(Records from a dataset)
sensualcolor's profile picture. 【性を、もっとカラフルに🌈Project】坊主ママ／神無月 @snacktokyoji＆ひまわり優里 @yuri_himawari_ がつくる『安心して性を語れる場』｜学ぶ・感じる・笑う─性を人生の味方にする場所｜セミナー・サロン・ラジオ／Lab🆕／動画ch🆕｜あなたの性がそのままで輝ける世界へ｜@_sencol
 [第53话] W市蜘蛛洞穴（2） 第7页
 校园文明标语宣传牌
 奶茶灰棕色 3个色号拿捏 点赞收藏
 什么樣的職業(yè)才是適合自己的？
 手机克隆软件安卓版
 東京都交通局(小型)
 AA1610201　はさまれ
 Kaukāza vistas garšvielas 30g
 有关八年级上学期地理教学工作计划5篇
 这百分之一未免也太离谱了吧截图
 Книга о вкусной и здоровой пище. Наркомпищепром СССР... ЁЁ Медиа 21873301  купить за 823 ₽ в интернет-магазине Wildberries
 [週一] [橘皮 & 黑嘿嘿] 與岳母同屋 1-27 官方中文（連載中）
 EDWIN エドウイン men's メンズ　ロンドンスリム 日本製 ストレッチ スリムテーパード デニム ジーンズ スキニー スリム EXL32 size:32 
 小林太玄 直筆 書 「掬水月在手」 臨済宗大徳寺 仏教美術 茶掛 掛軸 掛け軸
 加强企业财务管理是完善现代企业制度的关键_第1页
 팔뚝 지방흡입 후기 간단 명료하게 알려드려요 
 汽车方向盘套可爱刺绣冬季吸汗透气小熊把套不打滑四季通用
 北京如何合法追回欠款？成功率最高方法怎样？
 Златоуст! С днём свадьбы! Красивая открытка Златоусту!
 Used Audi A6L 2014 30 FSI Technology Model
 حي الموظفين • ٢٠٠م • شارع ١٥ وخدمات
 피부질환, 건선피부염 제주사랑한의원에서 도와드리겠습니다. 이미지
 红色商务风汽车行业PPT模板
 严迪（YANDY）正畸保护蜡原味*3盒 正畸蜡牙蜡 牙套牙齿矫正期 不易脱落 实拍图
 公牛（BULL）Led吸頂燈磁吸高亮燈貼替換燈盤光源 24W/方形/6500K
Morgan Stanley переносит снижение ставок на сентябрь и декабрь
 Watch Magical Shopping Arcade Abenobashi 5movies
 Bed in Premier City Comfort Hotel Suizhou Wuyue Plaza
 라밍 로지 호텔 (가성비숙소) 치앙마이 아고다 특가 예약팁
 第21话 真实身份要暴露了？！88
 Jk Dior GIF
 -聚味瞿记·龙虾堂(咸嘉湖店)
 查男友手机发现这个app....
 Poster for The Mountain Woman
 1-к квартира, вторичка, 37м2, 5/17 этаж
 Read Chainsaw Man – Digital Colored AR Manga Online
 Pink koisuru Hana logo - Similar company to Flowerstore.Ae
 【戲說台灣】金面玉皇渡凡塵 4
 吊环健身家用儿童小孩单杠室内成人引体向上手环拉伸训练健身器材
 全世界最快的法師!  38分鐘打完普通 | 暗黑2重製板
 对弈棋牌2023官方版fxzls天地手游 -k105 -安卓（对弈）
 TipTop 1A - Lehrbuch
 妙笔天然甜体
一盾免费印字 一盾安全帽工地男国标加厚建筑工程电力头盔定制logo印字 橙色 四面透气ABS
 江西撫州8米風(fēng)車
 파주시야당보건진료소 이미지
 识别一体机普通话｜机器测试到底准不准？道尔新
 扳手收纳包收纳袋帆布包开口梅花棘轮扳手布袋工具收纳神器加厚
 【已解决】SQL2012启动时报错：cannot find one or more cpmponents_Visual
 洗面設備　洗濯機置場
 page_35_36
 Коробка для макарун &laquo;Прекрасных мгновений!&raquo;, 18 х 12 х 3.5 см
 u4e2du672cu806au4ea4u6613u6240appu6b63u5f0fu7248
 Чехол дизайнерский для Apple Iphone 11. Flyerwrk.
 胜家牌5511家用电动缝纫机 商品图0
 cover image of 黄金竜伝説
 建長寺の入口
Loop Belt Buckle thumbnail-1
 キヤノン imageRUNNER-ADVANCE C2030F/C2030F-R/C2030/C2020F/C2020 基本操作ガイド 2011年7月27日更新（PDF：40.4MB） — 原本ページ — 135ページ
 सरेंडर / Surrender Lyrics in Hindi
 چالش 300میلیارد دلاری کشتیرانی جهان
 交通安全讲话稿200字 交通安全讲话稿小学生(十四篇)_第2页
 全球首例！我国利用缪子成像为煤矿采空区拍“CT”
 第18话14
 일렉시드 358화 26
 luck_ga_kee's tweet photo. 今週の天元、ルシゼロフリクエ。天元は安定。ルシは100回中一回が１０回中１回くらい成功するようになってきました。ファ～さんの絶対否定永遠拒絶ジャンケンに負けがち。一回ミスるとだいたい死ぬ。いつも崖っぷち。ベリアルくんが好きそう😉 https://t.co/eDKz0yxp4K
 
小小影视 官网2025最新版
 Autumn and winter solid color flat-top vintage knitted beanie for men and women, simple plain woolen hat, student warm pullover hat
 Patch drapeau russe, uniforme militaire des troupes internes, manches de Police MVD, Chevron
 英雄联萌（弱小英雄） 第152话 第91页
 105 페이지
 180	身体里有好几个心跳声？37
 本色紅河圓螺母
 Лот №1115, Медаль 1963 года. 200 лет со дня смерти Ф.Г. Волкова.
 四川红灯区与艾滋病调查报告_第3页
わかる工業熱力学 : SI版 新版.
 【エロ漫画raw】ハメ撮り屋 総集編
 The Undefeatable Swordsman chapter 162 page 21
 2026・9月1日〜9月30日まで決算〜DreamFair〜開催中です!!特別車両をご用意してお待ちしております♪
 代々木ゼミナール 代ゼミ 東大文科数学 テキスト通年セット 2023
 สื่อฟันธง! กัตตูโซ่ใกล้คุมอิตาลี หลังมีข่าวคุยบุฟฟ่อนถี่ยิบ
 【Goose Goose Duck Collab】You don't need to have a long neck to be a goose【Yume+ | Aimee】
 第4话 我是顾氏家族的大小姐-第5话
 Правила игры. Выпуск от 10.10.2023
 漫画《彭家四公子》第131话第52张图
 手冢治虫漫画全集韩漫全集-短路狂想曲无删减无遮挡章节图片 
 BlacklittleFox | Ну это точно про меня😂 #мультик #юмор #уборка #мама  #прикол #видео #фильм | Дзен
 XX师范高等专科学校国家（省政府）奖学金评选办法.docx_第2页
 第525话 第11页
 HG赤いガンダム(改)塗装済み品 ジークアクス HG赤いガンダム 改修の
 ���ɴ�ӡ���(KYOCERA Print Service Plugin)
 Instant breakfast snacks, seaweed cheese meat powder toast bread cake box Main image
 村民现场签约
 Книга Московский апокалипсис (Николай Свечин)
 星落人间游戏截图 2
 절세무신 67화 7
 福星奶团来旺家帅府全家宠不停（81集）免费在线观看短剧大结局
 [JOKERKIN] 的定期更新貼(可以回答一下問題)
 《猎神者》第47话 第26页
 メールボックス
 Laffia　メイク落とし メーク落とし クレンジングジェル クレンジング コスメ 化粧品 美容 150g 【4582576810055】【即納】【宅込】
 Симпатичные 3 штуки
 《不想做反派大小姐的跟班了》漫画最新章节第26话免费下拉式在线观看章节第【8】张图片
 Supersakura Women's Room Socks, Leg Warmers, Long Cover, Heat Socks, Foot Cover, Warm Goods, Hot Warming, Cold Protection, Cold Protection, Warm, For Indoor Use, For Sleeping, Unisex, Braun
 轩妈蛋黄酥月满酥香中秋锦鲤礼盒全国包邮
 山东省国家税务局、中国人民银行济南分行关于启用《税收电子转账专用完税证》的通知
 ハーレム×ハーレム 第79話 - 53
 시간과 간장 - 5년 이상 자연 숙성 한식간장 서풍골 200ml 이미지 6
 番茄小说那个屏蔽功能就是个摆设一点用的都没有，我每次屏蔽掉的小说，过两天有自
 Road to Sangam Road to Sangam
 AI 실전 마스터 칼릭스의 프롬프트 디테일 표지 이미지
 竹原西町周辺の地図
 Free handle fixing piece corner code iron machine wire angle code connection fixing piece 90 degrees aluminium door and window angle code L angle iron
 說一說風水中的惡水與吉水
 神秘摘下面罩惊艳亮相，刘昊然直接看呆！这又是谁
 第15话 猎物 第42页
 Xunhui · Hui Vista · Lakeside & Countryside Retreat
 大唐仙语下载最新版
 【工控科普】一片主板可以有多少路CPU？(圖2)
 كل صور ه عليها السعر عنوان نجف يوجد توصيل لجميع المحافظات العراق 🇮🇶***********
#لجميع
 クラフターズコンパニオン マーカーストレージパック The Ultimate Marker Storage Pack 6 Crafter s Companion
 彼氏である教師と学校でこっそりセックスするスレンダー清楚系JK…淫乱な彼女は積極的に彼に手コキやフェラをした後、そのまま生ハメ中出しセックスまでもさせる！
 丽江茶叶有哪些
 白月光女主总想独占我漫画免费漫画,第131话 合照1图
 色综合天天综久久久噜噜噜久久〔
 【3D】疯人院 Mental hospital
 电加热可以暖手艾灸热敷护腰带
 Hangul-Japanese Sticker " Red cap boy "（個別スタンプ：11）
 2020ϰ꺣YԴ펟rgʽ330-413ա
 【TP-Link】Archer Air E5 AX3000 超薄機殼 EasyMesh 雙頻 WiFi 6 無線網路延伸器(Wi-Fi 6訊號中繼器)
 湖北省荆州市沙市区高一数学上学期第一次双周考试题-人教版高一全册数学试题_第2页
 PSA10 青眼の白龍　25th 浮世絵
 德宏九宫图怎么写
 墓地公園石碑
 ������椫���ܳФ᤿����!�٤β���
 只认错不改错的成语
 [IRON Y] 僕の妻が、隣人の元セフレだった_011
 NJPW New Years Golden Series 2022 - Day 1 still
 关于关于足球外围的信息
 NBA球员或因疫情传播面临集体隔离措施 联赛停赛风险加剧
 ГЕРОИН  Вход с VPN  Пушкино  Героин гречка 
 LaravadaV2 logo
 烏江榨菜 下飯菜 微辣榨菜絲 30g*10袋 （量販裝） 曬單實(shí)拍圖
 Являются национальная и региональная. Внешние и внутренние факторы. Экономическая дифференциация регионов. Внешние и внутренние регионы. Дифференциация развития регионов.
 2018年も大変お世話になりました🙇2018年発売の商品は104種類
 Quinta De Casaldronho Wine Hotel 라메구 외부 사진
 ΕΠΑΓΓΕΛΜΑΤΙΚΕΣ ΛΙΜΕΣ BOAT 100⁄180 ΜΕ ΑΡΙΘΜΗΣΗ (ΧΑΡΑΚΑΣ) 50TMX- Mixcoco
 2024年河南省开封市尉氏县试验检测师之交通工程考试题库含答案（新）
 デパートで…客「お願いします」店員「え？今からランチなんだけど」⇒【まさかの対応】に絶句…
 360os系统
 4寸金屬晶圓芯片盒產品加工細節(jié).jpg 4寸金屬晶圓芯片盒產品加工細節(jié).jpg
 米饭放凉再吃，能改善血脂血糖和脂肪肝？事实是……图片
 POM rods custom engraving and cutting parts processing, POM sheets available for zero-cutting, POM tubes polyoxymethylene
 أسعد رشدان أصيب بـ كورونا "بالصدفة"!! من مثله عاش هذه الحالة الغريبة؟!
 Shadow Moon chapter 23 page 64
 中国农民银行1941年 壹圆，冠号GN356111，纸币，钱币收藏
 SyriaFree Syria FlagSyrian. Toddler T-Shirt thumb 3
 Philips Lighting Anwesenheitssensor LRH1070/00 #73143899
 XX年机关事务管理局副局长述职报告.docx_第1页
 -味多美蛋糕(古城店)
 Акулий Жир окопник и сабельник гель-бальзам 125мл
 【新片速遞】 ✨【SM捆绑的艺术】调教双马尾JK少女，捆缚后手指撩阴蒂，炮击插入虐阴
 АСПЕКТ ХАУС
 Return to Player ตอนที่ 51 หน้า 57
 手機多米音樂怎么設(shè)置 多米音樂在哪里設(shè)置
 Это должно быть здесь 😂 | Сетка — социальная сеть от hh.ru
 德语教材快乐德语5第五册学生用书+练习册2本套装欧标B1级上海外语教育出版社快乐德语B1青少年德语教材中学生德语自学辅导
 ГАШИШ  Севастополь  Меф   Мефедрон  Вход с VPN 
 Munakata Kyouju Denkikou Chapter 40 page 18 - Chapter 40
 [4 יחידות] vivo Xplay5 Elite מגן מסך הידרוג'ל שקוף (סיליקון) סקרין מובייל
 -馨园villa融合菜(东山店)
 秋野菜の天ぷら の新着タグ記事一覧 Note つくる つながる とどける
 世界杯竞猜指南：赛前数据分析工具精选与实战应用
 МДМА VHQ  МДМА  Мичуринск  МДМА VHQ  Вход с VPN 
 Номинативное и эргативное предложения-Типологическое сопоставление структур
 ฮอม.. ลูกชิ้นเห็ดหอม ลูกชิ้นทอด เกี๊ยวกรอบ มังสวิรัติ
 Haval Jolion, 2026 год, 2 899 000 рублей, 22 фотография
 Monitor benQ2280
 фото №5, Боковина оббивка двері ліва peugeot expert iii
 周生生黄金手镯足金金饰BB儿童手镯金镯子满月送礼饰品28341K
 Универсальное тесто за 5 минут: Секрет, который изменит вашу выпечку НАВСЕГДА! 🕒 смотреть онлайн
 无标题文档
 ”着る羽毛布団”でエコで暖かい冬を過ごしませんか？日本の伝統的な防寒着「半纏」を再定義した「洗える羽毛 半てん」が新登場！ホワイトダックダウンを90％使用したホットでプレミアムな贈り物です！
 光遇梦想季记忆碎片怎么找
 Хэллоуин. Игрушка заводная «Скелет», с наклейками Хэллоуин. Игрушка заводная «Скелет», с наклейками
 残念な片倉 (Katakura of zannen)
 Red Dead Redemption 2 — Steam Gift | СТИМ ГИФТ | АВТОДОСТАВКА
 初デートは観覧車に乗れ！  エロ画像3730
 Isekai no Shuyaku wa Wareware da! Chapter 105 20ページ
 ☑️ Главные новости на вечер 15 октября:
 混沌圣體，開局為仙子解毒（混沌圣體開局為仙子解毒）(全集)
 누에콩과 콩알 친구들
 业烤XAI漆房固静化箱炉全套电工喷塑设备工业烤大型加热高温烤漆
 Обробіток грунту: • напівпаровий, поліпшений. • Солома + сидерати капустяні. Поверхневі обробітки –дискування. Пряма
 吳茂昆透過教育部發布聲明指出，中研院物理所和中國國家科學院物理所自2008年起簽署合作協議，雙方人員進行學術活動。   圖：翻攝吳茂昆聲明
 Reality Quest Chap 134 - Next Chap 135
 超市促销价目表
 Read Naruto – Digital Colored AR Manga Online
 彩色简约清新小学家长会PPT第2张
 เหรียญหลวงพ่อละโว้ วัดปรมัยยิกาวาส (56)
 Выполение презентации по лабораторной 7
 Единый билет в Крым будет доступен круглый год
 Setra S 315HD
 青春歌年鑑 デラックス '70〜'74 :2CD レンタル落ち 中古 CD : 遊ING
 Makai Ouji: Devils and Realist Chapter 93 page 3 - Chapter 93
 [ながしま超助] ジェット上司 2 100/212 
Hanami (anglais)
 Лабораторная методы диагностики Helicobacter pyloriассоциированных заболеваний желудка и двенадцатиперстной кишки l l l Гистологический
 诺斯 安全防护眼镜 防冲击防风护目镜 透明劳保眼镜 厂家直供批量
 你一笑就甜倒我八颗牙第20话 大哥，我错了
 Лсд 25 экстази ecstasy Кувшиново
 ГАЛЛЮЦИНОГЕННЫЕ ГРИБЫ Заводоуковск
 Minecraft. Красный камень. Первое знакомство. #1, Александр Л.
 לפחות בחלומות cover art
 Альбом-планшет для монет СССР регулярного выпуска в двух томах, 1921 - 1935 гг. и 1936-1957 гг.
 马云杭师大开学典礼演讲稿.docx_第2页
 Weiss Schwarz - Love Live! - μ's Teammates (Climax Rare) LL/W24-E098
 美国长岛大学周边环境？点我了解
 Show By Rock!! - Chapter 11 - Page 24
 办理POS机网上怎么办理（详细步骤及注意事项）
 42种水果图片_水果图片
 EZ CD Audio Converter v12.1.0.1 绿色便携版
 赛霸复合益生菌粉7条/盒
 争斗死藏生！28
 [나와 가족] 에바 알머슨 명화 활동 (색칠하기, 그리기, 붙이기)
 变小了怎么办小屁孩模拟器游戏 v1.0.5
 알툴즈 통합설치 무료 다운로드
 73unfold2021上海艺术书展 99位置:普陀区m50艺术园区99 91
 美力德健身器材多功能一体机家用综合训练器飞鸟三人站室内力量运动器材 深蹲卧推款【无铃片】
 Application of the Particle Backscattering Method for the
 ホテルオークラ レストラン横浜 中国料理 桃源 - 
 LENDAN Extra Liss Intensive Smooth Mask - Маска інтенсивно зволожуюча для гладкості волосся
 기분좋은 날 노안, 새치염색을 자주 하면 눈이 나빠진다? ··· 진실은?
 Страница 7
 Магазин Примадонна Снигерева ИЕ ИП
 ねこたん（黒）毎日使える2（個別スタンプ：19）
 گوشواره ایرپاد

■ YOUR INSTRUCTIONS
Using the records given above, list every line that includes the word "個別スタンプ".

■ PROBLEM SOLUTION
 Hangul-Japanese Sticker " Red cap boy "（個別スタンプ：11）
 ねこたん（黒）毎日使える2（個別スタンプ：19）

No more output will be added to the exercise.